Cardiology Coding Alert

Avoid 3 Deadly Sins of Coronary Intervention Documentation

Discover why a 'shadow audit' could be your salvation

 

If your arterial stent documentation isn't up to snuff, you should brace yourself for audits.

Bottom line: Coders billed 20 of 72 arterial stent placements in the outpatient setting incorrectly, according to an October 2005 HHS Office of Inspector General report (A-06-04-00091).

Overall problems: The OIG found that many stent records lacked information on medical necessity for thrombectomy with angioplasty and stent placement. Also, the OIG found that providers failed to use the proper code for thrombectomy in some cases. In others, the provider tried to bill separately for thrombolysis and stent placement, when the thrombolysis should have been bundled.

"I'm not surprised that this happens. Often physicians feel that they should bill for all aspects of the procedure they perform" without taking into account National Correct Coding Initiative bundles and code definitions, says Belinda Keeling, CPC, audit and education department coder at Acadiana Computer Systems in Lafayette, La.

You should realize that "thrombectomy code +92973 (Percutaneous transluminal coronary thrombectomy [list separately in addition to code for primary procedure]) is an add-on code," says Yvette Hofmeister, CPC, coding analyst for OSU Internal Medicine in Dublin, Ohio.

You must use 92973 with the following codes, according to CPT:

• 92980--Transcatheter placement of an intracoronary stent(s), percutaneous, with or without other therapeutic intervention, any method; single vessel

• 92982--Percutaneous transluminal coronary balloon angioplasty; single vessel.

"The cardiologist has to be clear as to why this add-on procedure is needed in addition to the stent, because he would perform this in the same vessel," Hofmeister says. In other words, your cardiologist's documentation has to be up to snuff to avoid the mistakes OIG mentioned.

 

Evade These Documentation Pitfalls

 

Three cardiology documentation errors could lead to the kind of problems the OIG discovered. Here are the pitfalls you should learn to avoid: 

Pitfall #1: Semi-automated reports. Many cardiologists prefer to use the catheterization lab information system to generate their documentation for procedures, instead of dictating their reports the old-fashioned way, experts say. These semi-automated reports don't explain the reasons why a doctor chose a particular set of interventions. That can lead to incorrect coding. 


"Documenting procedures in this fashion can also be problematic because the author of each entry in the medical record is not clearly recorded," says Jim Collins, CPC, ACS-CA, CHCC, president of The Cardiology Coalition in Matthews, N.C. "These are legal documents, and each entry must be signed and dated by the appropriate author.
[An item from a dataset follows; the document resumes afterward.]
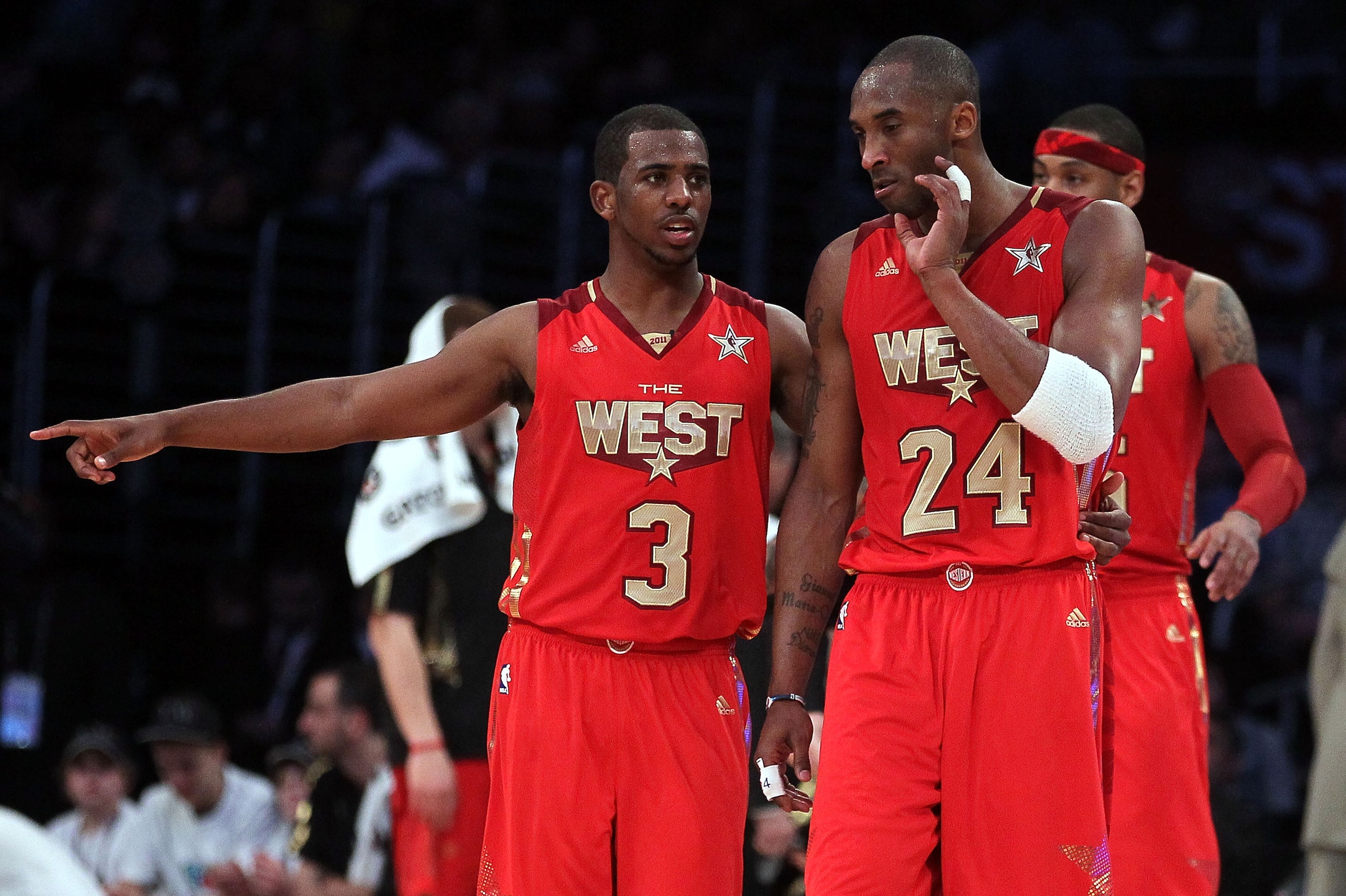 LOS ANGELES, CA - FEBRUARY 20:  Chris Paul #3 of the New Orleans Hornets and the Western Conference talks with Kobe Bryant #24 of the Los Angeles Lakers and the Western Conference in the 2011 NBA All-Star Game at Staples Center on February 20, 2011 in Los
Automated systems are often driven by cath lab technicians, not the physician."

Pitfall #2: Anatomical misunderstandings. You're not alone if you have difficulty figuring out what constitutes a single coronary artery, but that sort of anatomical misunderstanding is especially common in situations when the physician performs interventions in branches, bypass conduits, vein grafts and/or anatomic variants like the ramus intermedius.


You'll have a sticky problem when a physician who doesn't understand CPT coding or a coder who doesn't understand coronary anatomy picks the wrong code.


Good advice:
For the coronaries, you should compile a list of the terms and specific locations within each vessel (such as LD can be left main, LAD proximal, diagonal 1 and so on), Hofmeister says. "Neither CPT nor Medicare lists these for us, and that is unfortunate" because coronary stents can be anatomically confusing. "Initially, I did not realize you can have only one initial vessel, though one might be a stent and the other a balloon angioplasty," Hofmeister says.

Pitfall #3: No "because." Your physician should ask himself if a nonphysician could tell why he performed a specific set of interventions just by reading the medical record, experts say. If the answer is "no," you should encourage them to use phrases like "It was determined that Mr. Smith required thrombectomy and stent placement because ..."

 

Learn the Value of Shadow Audits

 

Challenge findings: If your carrier or payment safeguard contractor decides to audit your claims for arterial stents or thrombectomies, conduct your own "shadow audit" and defend your claims, Collins says.

The coalition is in the midst of challenging the findings of two different audits in which the auditor failed to give credit for information in the medical record, Collins says. In one case, an auditor admitted that she'd been misinterpreting a common clinical statement in the medical record for several years.